The funding shake-up will also remove local authorities from the process, with cash going directly to heads.

Labour has accused the government of "dodging difficult questions" about who will lose funding in the changes.

Mrs Morgan says schools need funding that "genuinely matches their need".

She says the plans will ensure money goes "straight to the frontline", but it will mark a further reduction in the link between local authorities and schools.

Changing needs

On Monday the education secretary has taken the next step towards introducing a new school funding formula in 2017-18, after complaints about local anomalies and spending gaps.

Image copyright EPA
Image caption Nicky Morgan has launched a consultation on a funding formula to apply from next year

For example, pupils in Rotherham each receive £500 per year more in funding than those in Plymouth, even though they have similar levels of disadvantage.

In December, MPs led by former Education Select Committee chairman Graham Stuart presented a petition calling for change, saying the best-funded areas received up to £6,300 per pupil per year, while the worst-funded received £4,200.

The government has a manifesto pledge to create a more consistent way to distribute more than £40bn per year of the core schools budget - and says it wants to end funding rates based on "oddities of history".

Further details were announced in the Chancellor's Autumn Statement, with the promise of a national rate for each pupil, with extra funding for those with additional needs.

Russell Hobby, leader of the National Association of Head Teachers, backed the principle of a fairer redistribution of funding.

He also supported a "big shift" in more money going directly to schools.

But he warned that there would be both "winners and losers" under a new funding regime and there was still "scant detail" about how this would be decided.

There have been warnings that some schools will lose out, particularly in inner London.

Christine Blower, leader of the National Union of Teachers, said the proposals would "impose huge funding cuts on many schools unless additional funding is made available. Schools are already suffering real terms cuts to per pupil funding".

Malcolm Trobe, interim general secretary of the ASCL head teachers' union, backed the principle of a change to funding arrangements.

"However simply redistributing the current pot of money is not enough on its own to address the significant real-terms cuts currently hitting school budgets. Greater investment is needed," said Mr Trobe.

The Department for Education says the current system is out of date and no longer reflect levels of need.

It says that in the past 10 years, the proportion of pupils eligible for free school meals has doubled in Lincolnshire and nearly halved in Southwark.

The education department says that for the new funding formula there will be a basic level of per pupil funding, with extra support allocated depending on need, such as high levels of deprivation or for schools in high-cost areas.
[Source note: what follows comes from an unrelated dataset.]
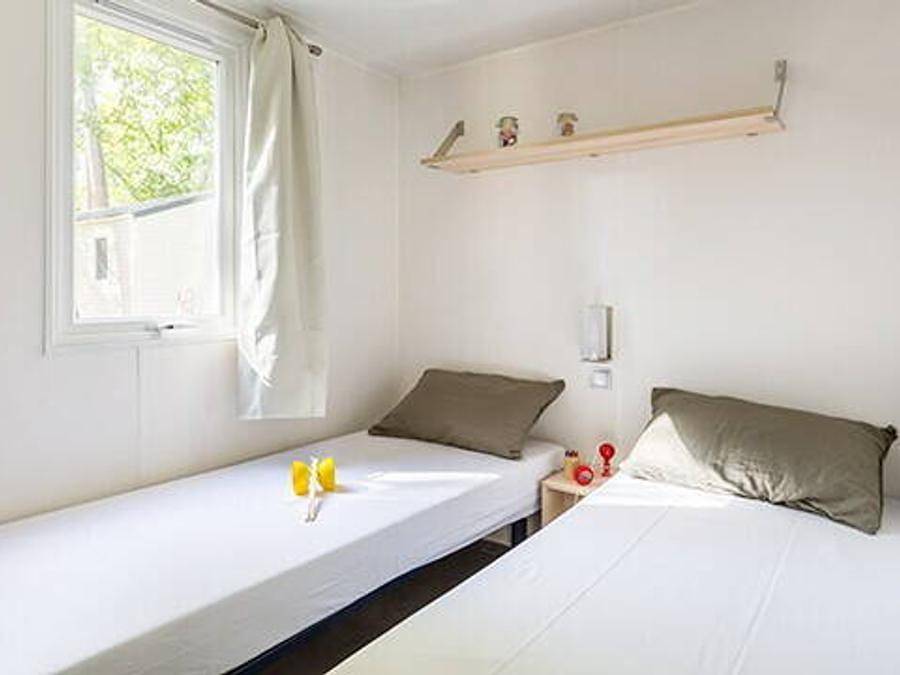 Camping Le Ried   - Mobilheim 4 personen - Mobilheim | Comfort | 2 Zi. | 4 Pers. | Erhöhte Terrasse in Boofzheim, Region Sélestat-Erstein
For local authority schools, including the majority of primary schools, there will be a two year transition period, in which funding will cease to be distributed through councils.

Councils will have a funding role in areas with "high-level special educational needs", but will no longer be involved as a channel for basic funding for schools.

Roy Perry, chairman of the Local Government Association's children and young people board, said: "Councils know their areas best, and currently work in partnership with head teachers and governors to set local funding formula which allows local needs and priorities to be addressed.

"We'd want to see this local conversation continue, rather than having all school budgets set in Whitehall."

Academy schools and trusts already receive funding through the government's Education Funding Agency.

Labour's shadow education secretary Lucy Powell says that for a national funding formula "the devil will be in the detail" and claimed that the government was stalling on revealing where schools would have reduced levels of funding.

She also warned that the overall schools budget would see a real-terms spending cut, which would have a "huge impact".

But Mrs Morgan said the changes would provide a fairer allocation of resources.

"We want every school in England to get the funding it deserves, so that all children - whatever their background and wherever they live in the country - get a great education."